As a whole, it's a pretty shaky standard, and none of the major players are doing a terribly good job of hewing to it.
Thanks for the confirmation on both the blog and the book.
I don't really know which ebook readers most tech-savvy or scientific readers use, but I think the Nook is the most accessible of the dedicated readers that do epub. I'll also echo the suggestions above about reader apps on the iPhone and Android. I suspect that users on those platforms do make up a large portion of the people who use epub documents, but they are going to be different experiences from those who use dedicated epub readers (smaller screen real estate is the main thing, plus different methods of switching pages (button presses on dedicated readers vs. screen swipes or screen taps on iPhone/Android)).
Kindle doesn't do epub, Jeff Bezos says implementing epub would harm Amazon's ability to innovate.
Nook is an Android OS system. Open source geeks like it. The little color display at the bottom for control interface and such is kind of cool. Battery life (because the color display is tiny and the main display is ePaper) is great.
Charlie Stross likes the Sony Reader, and wrote a blog entry a few months ago about how the interface is really nice. Battery life is great, the display is ePaper.
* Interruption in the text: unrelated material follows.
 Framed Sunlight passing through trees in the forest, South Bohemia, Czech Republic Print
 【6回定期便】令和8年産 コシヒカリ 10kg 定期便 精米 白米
The iPad is a great reader, and the touch screen is definitely different than the button interface on dedicated readers. There are some quirks in the iBook software, but you have the option to load other reader software (I've got Kindle and Nook, but I use neither of them). Battery life isn't nearly as fabu as ePaper devices, but the iPad is color. It's an iOS device, so you can run a bunch of different apps besides readers on it. On the down-side, it's iOS, so you're in Apple's walled garden.